* [Task prompt] Count the lines of the records below that hold the word "Geometric", and give only the number.

* [Data excerpts]
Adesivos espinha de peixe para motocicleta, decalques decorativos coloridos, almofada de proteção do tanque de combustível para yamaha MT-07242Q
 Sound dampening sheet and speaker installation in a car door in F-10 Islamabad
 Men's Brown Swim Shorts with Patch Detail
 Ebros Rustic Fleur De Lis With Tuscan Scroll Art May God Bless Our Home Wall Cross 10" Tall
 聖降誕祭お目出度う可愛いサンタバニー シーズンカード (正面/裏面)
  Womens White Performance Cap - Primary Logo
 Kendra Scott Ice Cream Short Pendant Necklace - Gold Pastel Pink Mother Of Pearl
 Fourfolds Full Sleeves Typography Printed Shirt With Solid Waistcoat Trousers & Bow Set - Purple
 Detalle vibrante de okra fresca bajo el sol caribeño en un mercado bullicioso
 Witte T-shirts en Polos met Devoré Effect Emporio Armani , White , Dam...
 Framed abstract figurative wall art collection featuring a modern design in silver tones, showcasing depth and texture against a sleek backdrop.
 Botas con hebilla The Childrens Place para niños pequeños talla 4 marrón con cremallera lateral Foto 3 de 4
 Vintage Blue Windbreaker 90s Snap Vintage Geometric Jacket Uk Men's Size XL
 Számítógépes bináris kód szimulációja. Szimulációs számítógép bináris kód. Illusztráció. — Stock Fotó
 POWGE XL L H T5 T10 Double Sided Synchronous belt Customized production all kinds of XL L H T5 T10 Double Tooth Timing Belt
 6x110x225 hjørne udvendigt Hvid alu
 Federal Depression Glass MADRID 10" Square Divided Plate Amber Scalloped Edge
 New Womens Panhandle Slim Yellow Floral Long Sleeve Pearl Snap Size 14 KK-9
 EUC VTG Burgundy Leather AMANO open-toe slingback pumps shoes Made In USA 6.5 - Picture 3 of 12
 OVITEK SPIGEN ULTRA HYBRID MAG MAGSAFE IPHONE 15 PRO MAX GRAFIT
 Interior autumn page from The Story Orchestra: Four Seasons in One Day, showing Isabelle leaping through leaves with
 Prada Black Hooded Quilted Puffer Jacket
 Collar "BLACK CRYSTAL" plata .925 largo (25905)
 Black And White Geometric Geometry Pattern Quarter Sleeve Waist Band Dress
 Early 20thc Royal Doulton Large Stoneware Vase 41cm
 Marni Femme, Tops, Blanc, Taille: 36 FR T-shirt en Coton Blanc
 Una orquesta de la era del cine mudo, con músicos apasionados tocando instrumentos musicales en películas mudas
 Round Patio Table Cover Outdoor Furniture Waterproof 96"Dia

* [Task output] 2